They both looked up as I came in and the Major rose automatically in greeting. And after a hesitation Andrews rose too. He was a tall man with thinning fair hair, a pale undistinguished blur of a face and, in his late thirties or early forties, relatively young to be such a high-ranking bank executive—although the fact that one of those other lettered doors had borne the name Andrews, Senior may have had something to do with it.

“Ah, there you are, my boy,” the Major said heartily. “Sorry to have gone off without you like that. But you know how it is with time and tide, and I see you got my message all right.”

“Yes,” I said.

“In your absence,” the Major went on, “I took the liberty of going ahead and discussing with Mr. Andrews our interest in the old Easdale Shoe building.”

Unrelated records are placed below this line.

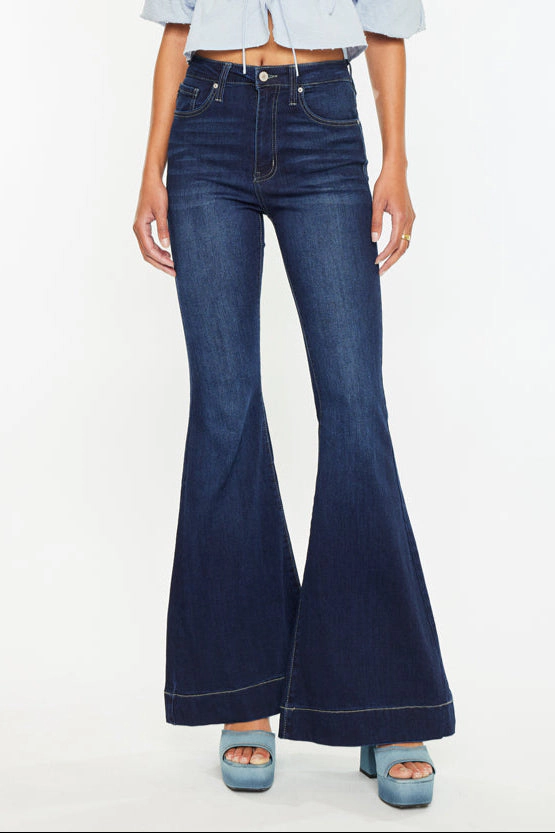 KanCan Women's Essentials High Rise Super Flare Jeans Braelynn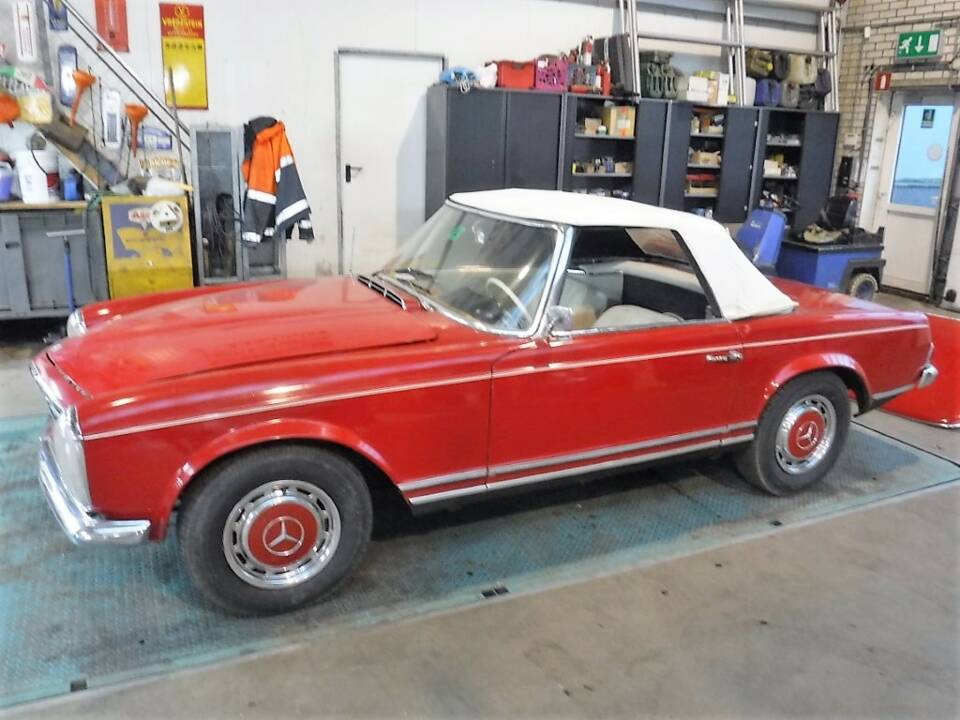 Immagine 44/50 di Mercedes-Benz 230 SL (1964)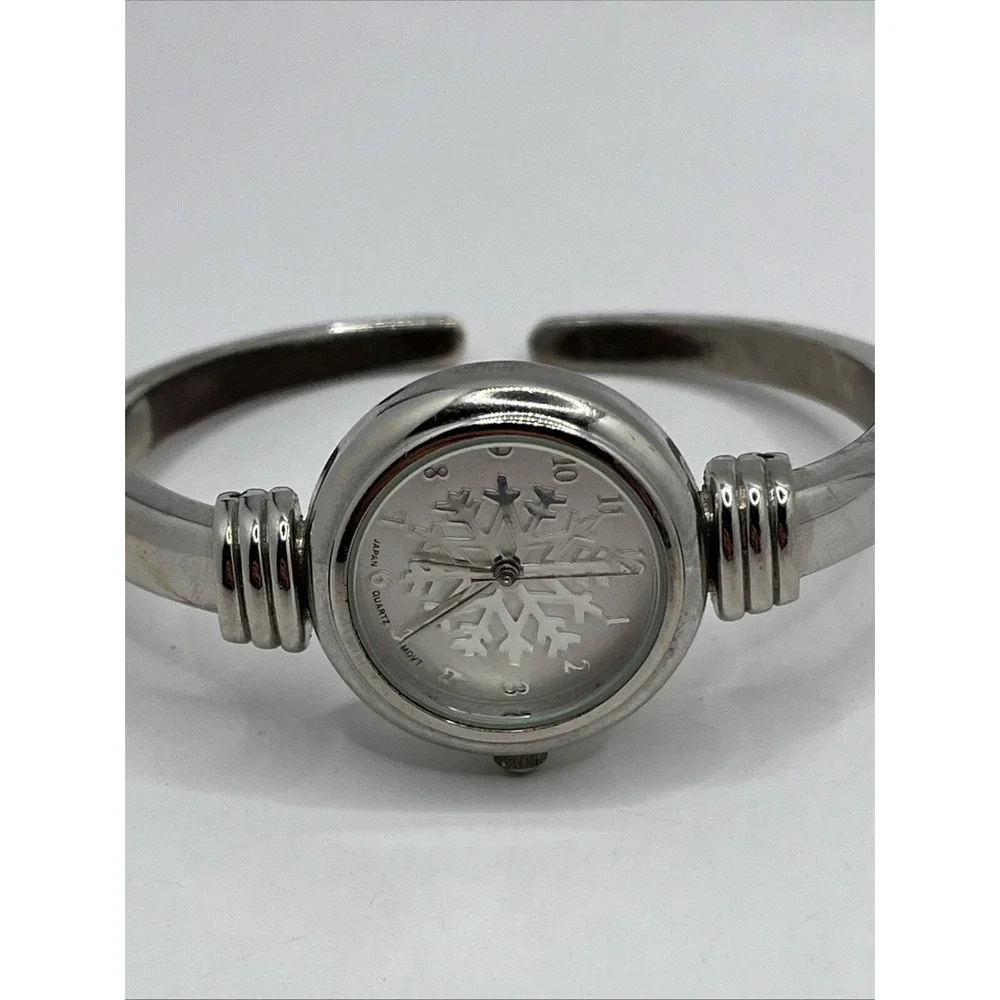 Snowflake Women's Quartz Watch Silver Tone Bangle Band 25mm Case- New‎ Battery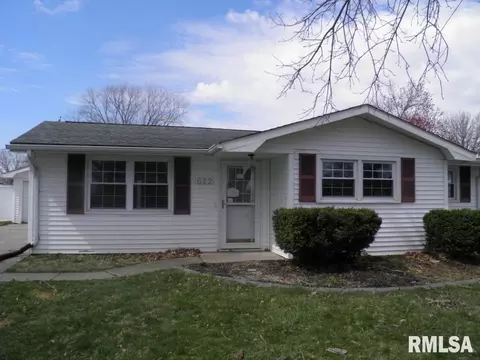 622 13th Ave, Hampton, IL 61256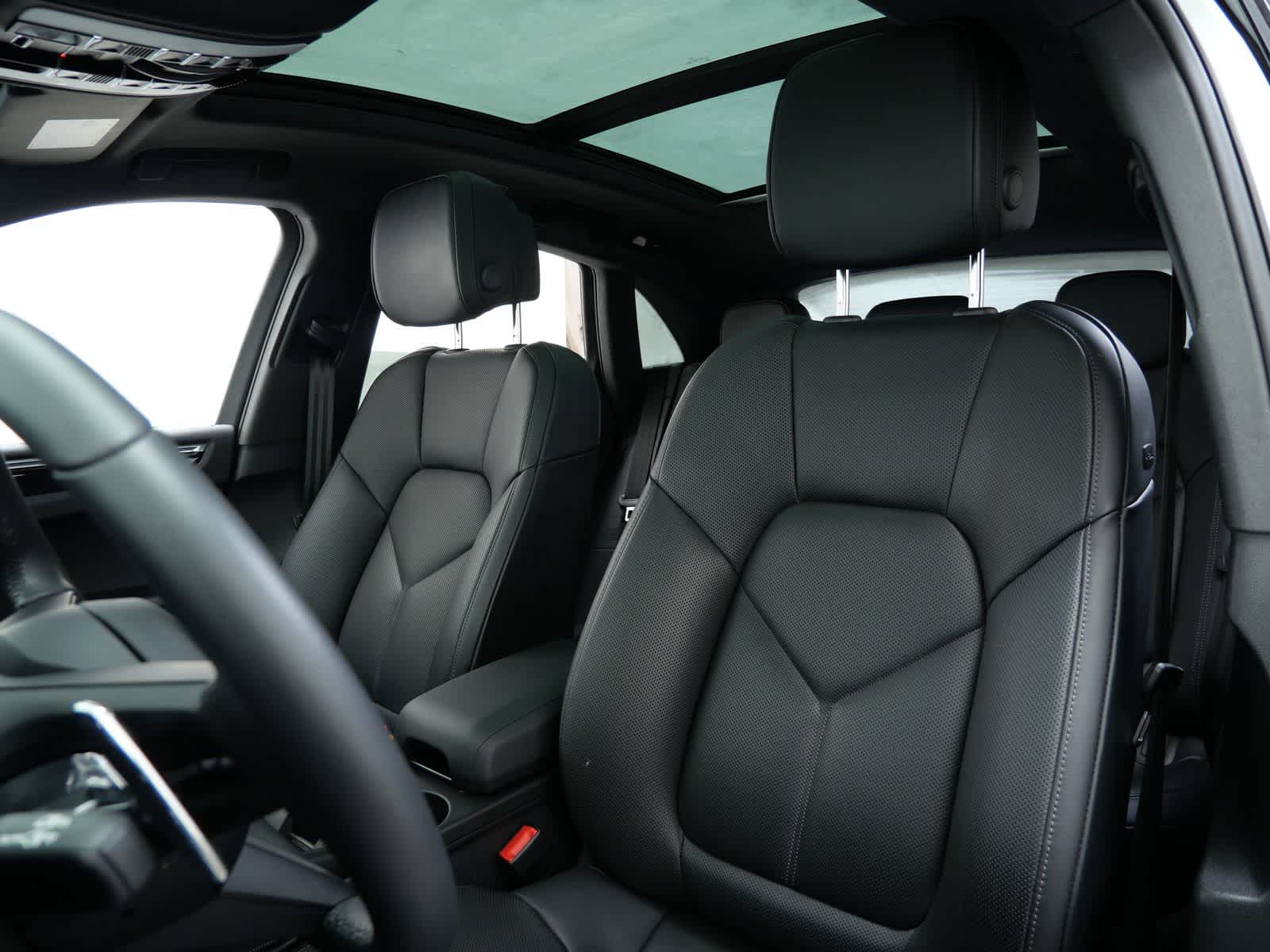 Thumbnail: 2025 Porsche Macan - 5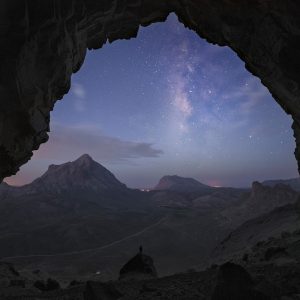 Dawn in the cave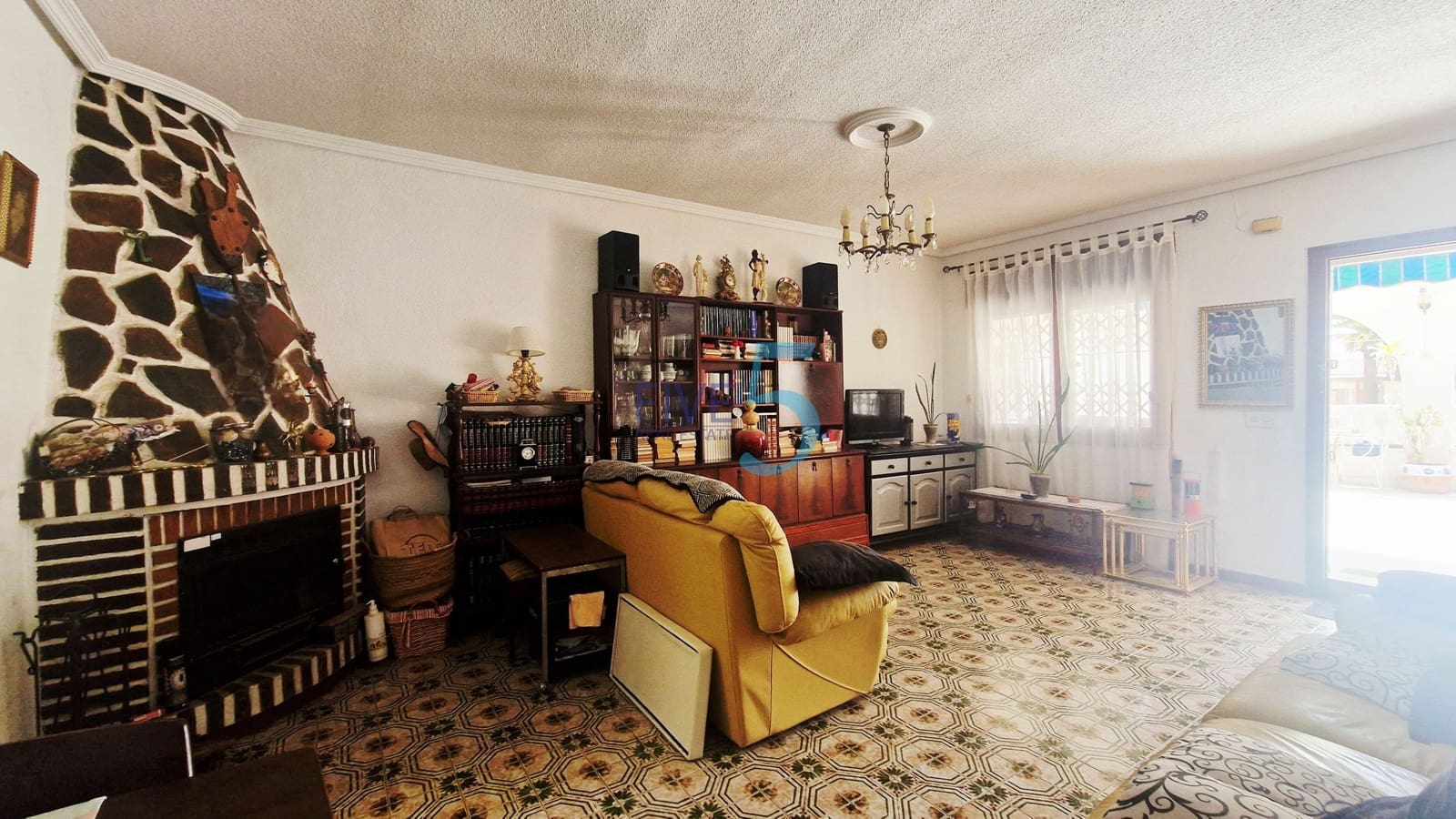3 bedroom Villa for sale in Los Balcones with garage - € 240,000 (Ref: 9965733)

“I see,” I said. “And what decision did you come to?”

“Well, of course I haven’t committed us to anything,” the Major said. “But the property does sound extremely promising, and since Mr. Andrews has consented to drive us, I suggest we run out and take a good look at the place and then see if we can’t come to a decision.”

“Fine with me,” I said. “I wouldn’t want to inconvenience Mr. Andrews, though.”

“No problem,” Andrews said in a voice that tried for a hail-fellow-well-met heartiness. “Thursday afternoons are always slow. But I’d be glad to do it at any time.”

I imagined he would. Because it wasn’t every day that someone showed up to express an interest in acquiring a building that had lain idle since the previous owner had defaulted on his mortgage six years before. But rather than bring that up, I just smiled and said, “Offer accepted then.”

“Good,” Andrews said. He moved around from behind his desk. “If you’ll just follow me,” he said. “My car’s right out back.”

* * *

Andrews wasn’t a fast driver. But he was a frightening one, given to swiveling his head and eyes away from the road as he talked in an attempt to include all his passengers in his conversation. As a result, he almost didn’t see the gray coupe pulled off onto the narrow shoulder until it was almost too late. But his head jerked back as the Major and I cried out a warning in near unison, and he managed to swing the wheel away just in time to avoid a hard sideswipe.

“Damn fool,” Andrews grumbled. “What’s he doing parked out on the highway?”

“I think you’d better stop,” the Major said.

“Why?” Andrews said, alarmed. “I didn’t hit him, did I?”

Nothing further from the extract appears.